Ceasing his anger, Antonio sat down inches from the cardinal’s feet. Fratelli eyed him, this impetuous, mean-spirited youth and sighed. Slowly, he collected his thoughts and spoke in a voice that commanded attention:

“Oh, the wicked wolf, the wicked, wicked wolf… Everybody knows how scary he was- how wild and fierce! But do you know the way he was tamed? I will tell you then. You see, the wicked wolf prowled at night, growling and snatching away helpless people. Many people in the small village of Cocalo disappeared and they knew the wolf had gotten them. Now, outside this village lived a hermit monk. His name was Ferdo. His hair was dirty, full of clay from the river, his frame was thin from fasting and penance and his clothes hung in rags.
The wicked wolf raised such an outcry that parties began gathering to hunt and kill him. Surely this foul beast was no good, only fit to be slain! When the hunters marched out, Ferdo met them. In kindly voice, he implored, “Spare the wolf, he is just a beast and doesn’t understand. He doesn’t need to die. At least, let me talk to him before you go forth.”
Thinking Ferdo to be a madman, they laughed at him and said: “Sure, go talk to your wolf friend. But be warned, we will use our swords should we see him!”

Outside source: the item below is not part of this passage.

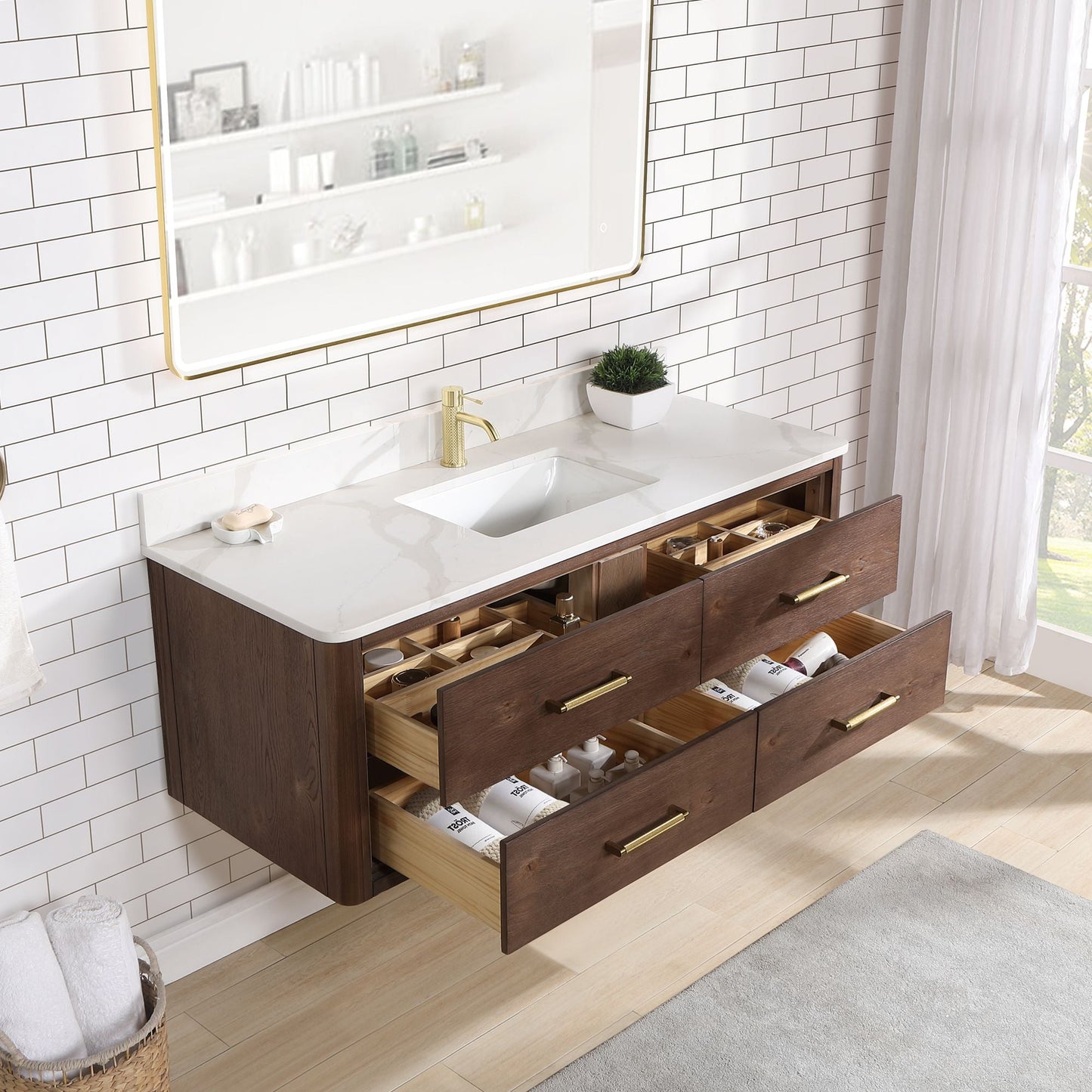 Cristo 55" Floating Single Bath Vanity in Aged Dark Brown Oak with Fish Maw White Quartz Stone Top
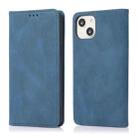 For iPhone 13 mini Strong Magnetic Crazy Horse Texture Horizontal Flip Leather Case with Holder & Card Slots & Wallet (Blue) - 1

Thus, Ferdo ventured out into the dark woods, went to meet the wicked wolf. As Ferdo sat in a glade praying, the sound of clawed feet came forth. It was the wolf, staring with bright yellow eyes, bearing his knife-like fangs.
Ferdo hid his fear and stood. Holding out his wooden staff, he spoke:
Brother wolf, you have gotten yourself in some trouble. I know you are hungry and need flesh to live but why eat the villagers? Why take lives that do nothing to harm you? The man are angry and they come to slay you but listen brother wolf, we can help you-if you only promise never to kill again.”
Bewildered, for men always came at him with sword, axe and club, the wolf shook his head. Bowing down, he replied:
            “I am sorry, my brother. Truly I am hungry and need flesh to live. If you help me, feed me, and raise not swords against me, I shall promise never to kill again.”
Right before the huntsmen, Fredo appeared, leading the wicked wolf by his scruff as if he were a tame dog. He reiterated their words, the promise made between them and instead of slaying the wolf; the villagers laid out for him a whole chicken. He ate it timidly and went away. No more people were snatched away in the night. Peace came. From now, they remembered Fredo, remembered not to make the beasts into enemies. For with kind words and understanding, war will cease.”